Beauvau de la sécurité : police et justice autour de la table dans un contexte électrique
Les syndicats de police, dont le récent rassemblement a viré au procès en laxisme de la justice, retrouvent, ce jeudi, Éric Dupond-Moretti, hué par les manifestants, dans le cadre d’un Beauvau de la sécurité consacré aux relations avec l’autorité judiciaire.
« Ça devrait bouger fort », anticipe Fabien Vanhemelryck, secrétaire général d’Alliance. Sa formule choc, « Le problème de la police, c’est la justice », clamée de la tribune sous les fenêtres de l’Assemblée nationale, le 19 mai, a indigné les magistrats et gêné – sur la forme – plusieurs syndicats de police.
Coup médiatique
Son auteur assume un coup médiatique : « Je ne retire en rien ma phrase. Sans ça, on aurait parlé de notre rassemblement deux heures et le lendemain, c’était oublié ».
Depuis, Gérald Darmanin et Éric Dupond-Moretti se sont employés à ne pas laisser accroire à un divorce entre la police et la justice. « Le problème de la police, c’est la faiblesse des moyens de la justice », a rappelé le ministre de l’Intérieur dans une interview au « Parisien ». « La justice sans la police, c’est l’impuissance », a répondu en écho le garde des Sceaux au « Journal du Dimanche ».
Tous deux candidats aux régionales dans les Hauts-de-France, ils ont d’ailleurs mis en scène leur bonne entente sur Twitter avec une photo les montrant en train de travailler, notamment à la « préparation du Beauvau de la sécurité ».
Le ministre de la Justice craint-il d’y être chahuté ? « Les comportements de foule sont nécessairement différents de ceux d’une réunion à Beauvau autour de deux ministres. Les attitudes seront, pour sûr, républicaines », glisse son entourage.

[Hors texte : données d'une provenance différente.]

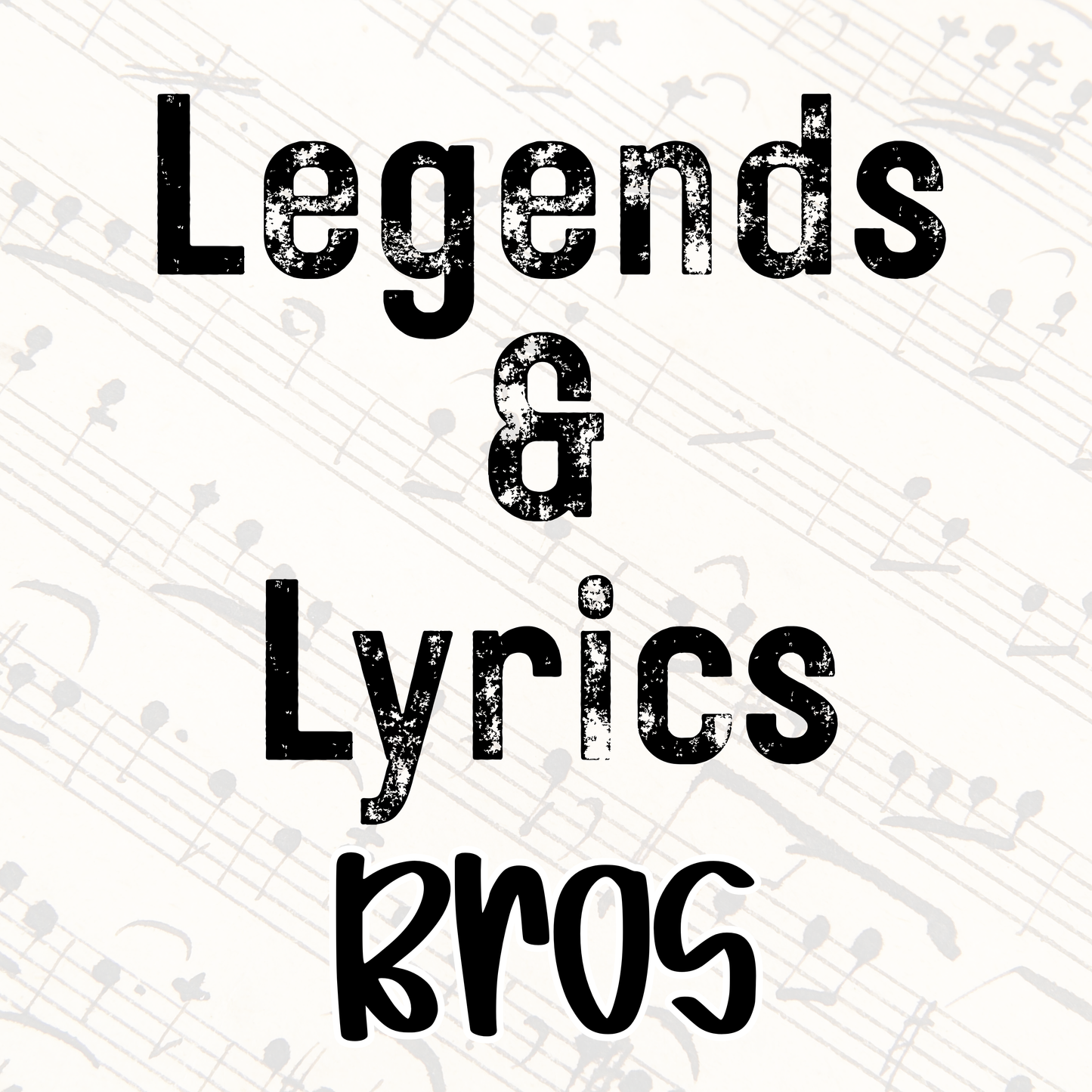 BROS | LEGENDS & LYRICS RERUN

Hasard du calendrier, cette grande consultation sur la police et la gendarmerie, interrompue en mars par la crise sanitaire, reprend avec une table ronde consacrée aux relations police-justice, un « chantier » imposé par le syndicat Alliance.

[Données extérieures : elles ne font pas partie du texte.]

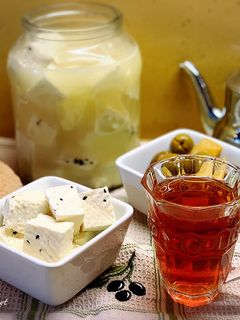 صورة لوصفة الجبنة البيتية (جبن شركسي)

Plus de sévérité contre les agresseurs de policiers ?
« Les ministres insisteront, notamment, sur la relation quotidienne entre la police et la justice et la nécessité d’aller plus loin dans la simplification de la procédure pénale », souligne-t-on dans l’entourage de Gérald Darmanin.
Mais les syndicats, après leur démonstration de force dans la rue, comptent pousser leurs revendications pour davantage de sévérité contre les agresseurs de policiers, dans le cadre plus feutré des salons du ministère de l’Intérieur.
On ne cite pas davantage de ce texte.